30:ヴェパー伯爵領②
準備を終えて玄関に降りるとフリードリヒが待っていた。
「ところでリューディア伯母上は何が好きかな?」
「もしも伯母のご機嫌を取ろうと手土産を持っていくおつもりでしたらいりませんわ。
伯母はそう言う手合いをとても嫌っていますので」
「そうか。だが初めてお会いするのに手土産無しと言うのも失礼だろう」
「それもそうですね……
では伯母にではなく、弟のアルフォンスにお菓子を持っていくのはどうでしょう」
「ふむぅそれで失礼が無いのならばそうしよう」
本来は伯母の子に~が最適なのだが、従兄らはわたしよりもぐんと年上だ。
そこにお菓子を持っていっても喜ぶわけないわよね。
船便の時刻は調べてあったから待つことも無く乗った。
借りた部屋が二等客室なのはわたしが勿体ないと言ったからで、フリードリヒは今日くらいは~と一等客室を取ろうとしてくれた。
その気持ちだけで十分。
だってここに伯母様の眼はないのだもの。
船を降りれば今度は馬車だ。
伯母の領地は伯爵家。

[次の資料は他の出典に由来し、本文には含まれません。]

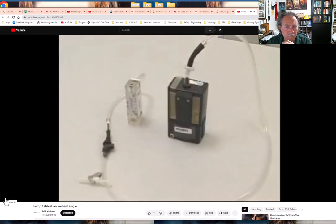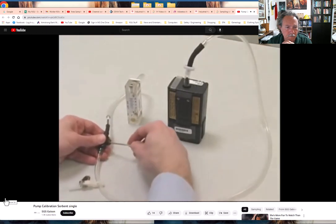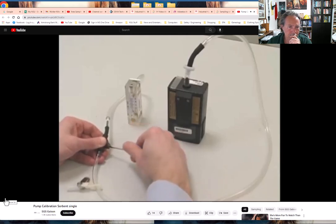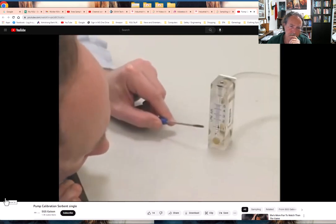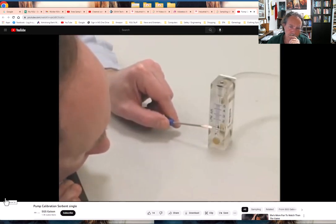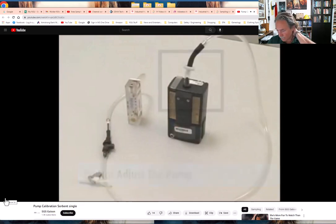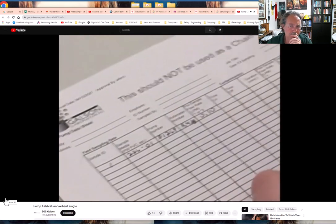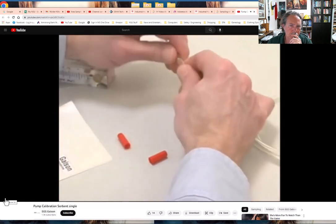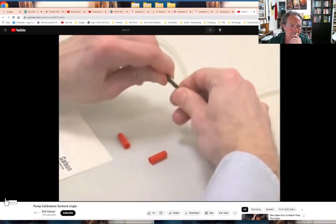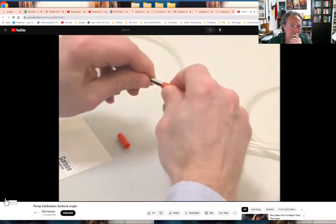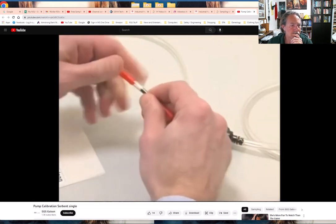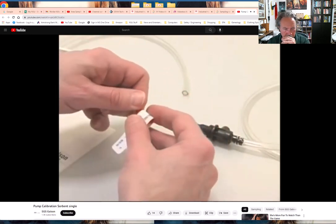Do not adjust the pump itself while verifying calibrations — only the low flow holder should be adjusted. With everything on a level flat surface, check the ball float in the rotometer. Adjust the flow rate by turning the flow adjustment screw on the adjustable low flow holder until the rotometer indicates the desired flow. Take your rotometer reading at eye level and use the center of the float. After you're satisfied with the flow rate, record the value on the field pump data sheet and remove the sorbent tube. Cap both ends and mark it for use in the post calibration.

当然のように乗合馬車の便だってある。
しかし船とは違って今度は伯母の目が届く場所に入るから、乗合馬車には乗らず個別に馬車を借りてヴェパー伯爵領に向かった。
「ふうやっと着くようだな」
ようやく見えてきたヴェパー伯爵領の境界。それを見たフリードリヒがため息交じりにそう漏らした。
「そうですね。
わたしの記憶ではもう少し近いイメージだったのですが、今日はとても長く感じましたわ」
「時間はそれほどでもないのだがなぁ。
ううむ汽車に慣れ過ぎたかな」
「乗り換えがあったからだと思ってましたが、なるほど汽車ですか。
確かにあの速さを知ってしまうと馬車での移動は気疲れが多いように感じます」
「汽車があれば便利だが、貴族領にまで汽車が来るのはまだまだ先だろうなぁ……」
「その場合の費用は国が出すのでしょうか?」
「いや汽車が走れば人や物資が驚くほど動くから当然領地が潤う。ならば領主と折半ではないかな」
「うーんだとすると恐ろしく先な気がしますね」
お金が恐ろしく掛かると言う以外にも、王都とこの領地の間にも別の貴族の領地がある事を思えば、一人の決断でおいそれと引けるわけも無い。
「違いないな」
そんなことを話しているうちに、馬車の前方に領都の街並みが見えてきた。